In India, communists are meeting to decide whether they will withdraw crucial support from the Congress-led coalition government if it presses ahead with a civilian nuclear agreement with the United States. Anjana Pasricha reports from New Delhi that there are fears the dispute could threaten the government.
Senior leaders of the Communist Party of India (Marxist), or CPI(M) began a two-day meeting in New Delhi Wednesday. It comes days after they delivered an ultimatum to the Congress-led government, saying: stall a civilian nuclear deal recently negotiated with the United States, or face "serious consequences."
The deal would give India access to long-denied nuclear technology to build nuclear power plants in the energy-starved country. It has yet to be approved by the U.S. Congress.
India's leftist parties object strongly to the accord. They say it undermines the country's sovereignty and its right to conduct nuclear tests. They insist the government stall negotiations, scheduled with the International Atomic Energy Agency and others, until their objections are met.
The CPI(M) is trying to agree on a strategy toward the government if it presses ahead with the accord.
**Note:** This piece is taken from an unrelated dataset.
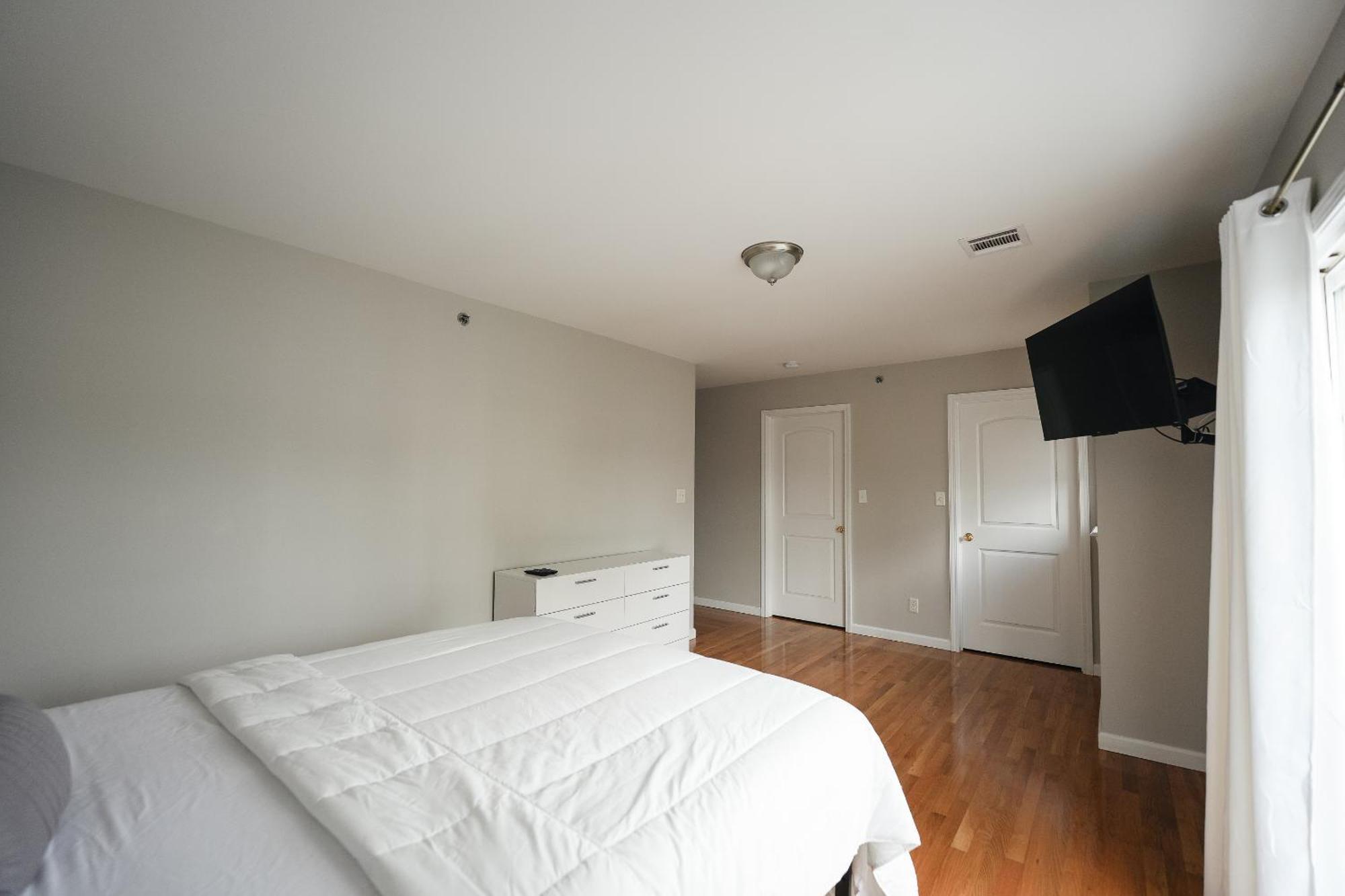 Liberty Gem Brick House - 3 Apartment *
Withdrawal of support from the government is one option under consideration.
Independent political analyst, Prem Shankar Jha, says the communists will back down from their tough posture if they are offered a compromise - but he sees no signs of this.
"They (left parties) are looking for a face-saver to be offered to them by the Congress, and there is to my mind no real sign so far that the Congress is intending to give them the face-saver," he said. "They have said everything they can in parliament over and over again. They have stuck to what they have said."
Indeed Prime Minister Manmohan Singh has indicated he has no intentions of backing out of the deal.
He says his government remains committed to developing a nuclear energy capability to meet the needs of a rapidly growing economy. He urges political parties to appreciate the need to pursue a sound energy security strategy.
But leftist parties insist the nuclear deal will bring India into a strategic partnership with the United States - something they do not want to endorse.
A bloc of four leftist parties, of which the CPI (M) is the largest, has 60 lawmakers in parliament. They have not joined the Congress-led coalition government, but shore it up from outside. Without their support, it could stay in office as a minority government or may have to face early elections. The Congress-led coalition came to power in 2004.